Well, install base and market saturation has nothing whatsoever to do with selling apps, especially when there's an uphill struggle to deal with app discovery, stiff competition and a lack of marketing funds to get your game recognized. Some developers are learning this the hard way. A detailed article over on reveals that the grass isn't always greener where your core demographic does not reside.

The article talks to a number of developers who have had it tough trying to sell games on the app store, where indies like Jeffrey Lim and Paul Johnson revel in the pity of their sob-stories for getting games out onto the mobile marketplace. Lim and Johnson aren't the only ones, though, you can talk to just about any indie dev making mobile titles and hear a similar story, from Nautilus to Kaveluza, the name and situation may change but the results are all the same: the mobile marketplace is flooded with apps, competition is stiff and profits are slim.

Of course, there are those who disagree with this assessment – there are those who feel as if strong-arming the mobile demographic with insouciant restraint in marketing and sometimes paid-for reviews, can help them get their game to succeed where others have failed.

Chillingo COO Ed Rumley paints a different picture of the mobile space, one of an embittered and grizzled consumer, wiping away the grime and dirt of fetid software apps and poorly designed mechanics off their machines as they seek higher quality, longer lasting experiences, saying...
"The number of games being submitted is growing, as is the number of developers contacting us.
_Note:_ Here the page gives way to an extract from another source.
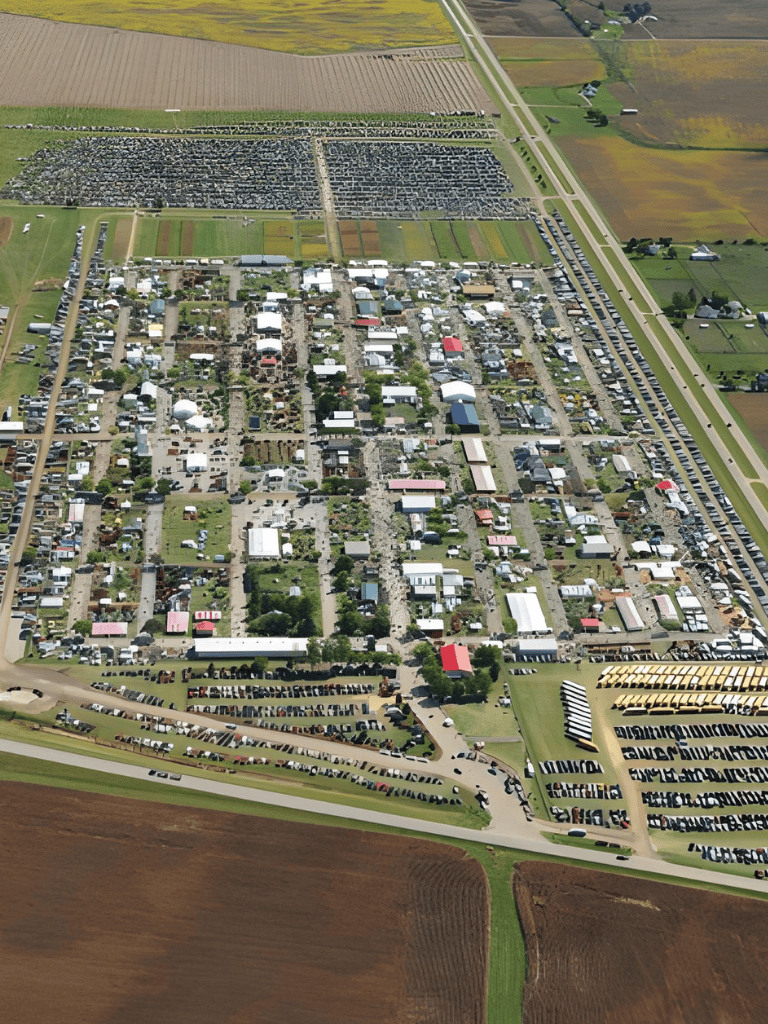 Aerial view of QuestForDirections community with homes, roads, and surrounding farmland.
I'm not sure if some are being scared away, but we know from experience that some developers underestimate the time and quality it takes to make it in mobile now. Consumers are a savvy bunch and spot second rate games a mile off. You can't just knock something together in your spare time, upload it and wait for the money to roll in anymore,”

In other words, you can't do in mobile what you can now do with Steam, which is basically: Make your game, make sure it's good, submit it to Steam Greenlight for $100 and then wait and watch as the audience and community build. Like the old saying goes from a movie I've never seen: If you make it good, they will come.